* [Given information]:
*** Begin section ***
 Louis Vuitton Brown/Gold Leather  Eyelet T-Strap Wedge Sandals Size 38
*** End section ***
*** Begin section ***
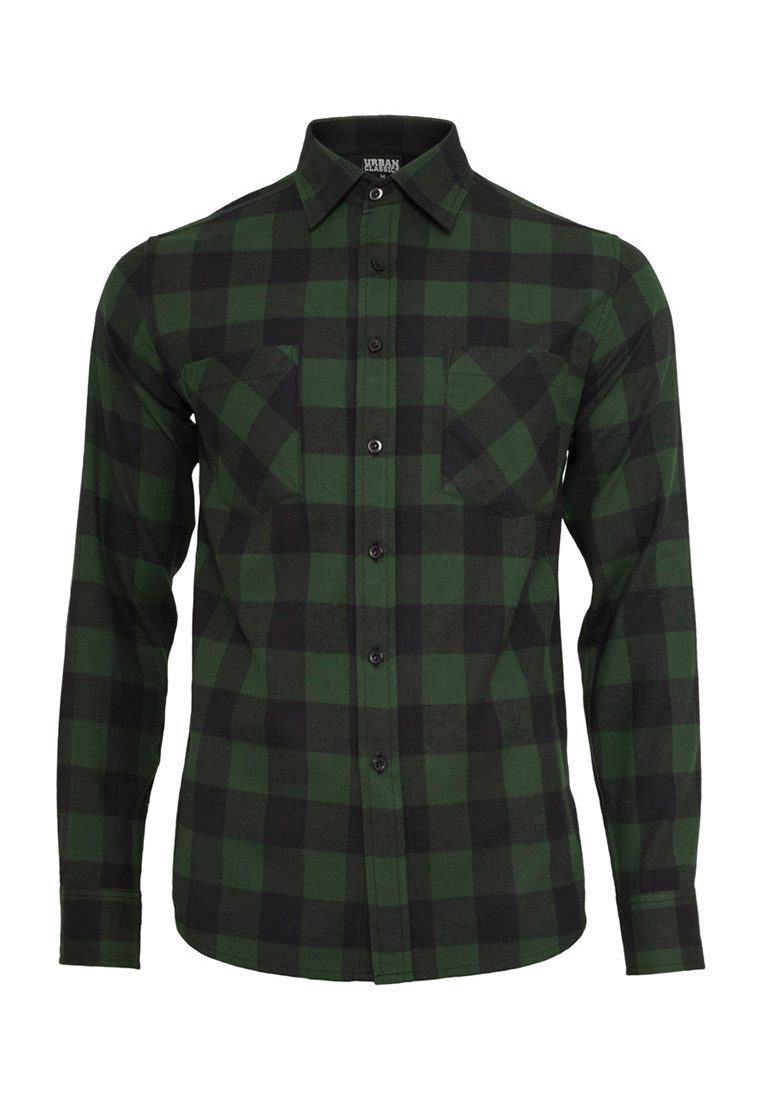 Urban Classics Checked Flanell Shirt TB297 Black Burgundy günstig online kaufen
*** End section ***
*** Begin section ***
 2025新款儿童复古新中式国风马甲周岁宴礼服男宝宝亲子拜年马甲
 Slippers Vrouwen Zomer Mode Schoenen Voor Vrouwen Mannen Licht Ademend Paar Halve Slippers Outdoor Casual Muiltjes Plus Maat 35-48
*** End section ***
For this exercise, output exactly the lines above from the line with "2025新款儿童复古新中式国风马甲周岁宴礼服男宝宝亲子拜年马甲" to the line with "Slippers Vrouwen Zomer", counting both, and leave out the rest.

 2025新款儿童复古新中式国风马甲周岁宴礼服男宝宝亲子拜年马甲
 Slippers Vrouwen Zomer Mode Schoenen Voor Vrouwen Mannen Licht Ademend Paar Halve Slippers Outdoor Casual Muiltjes Plus Maat 35-48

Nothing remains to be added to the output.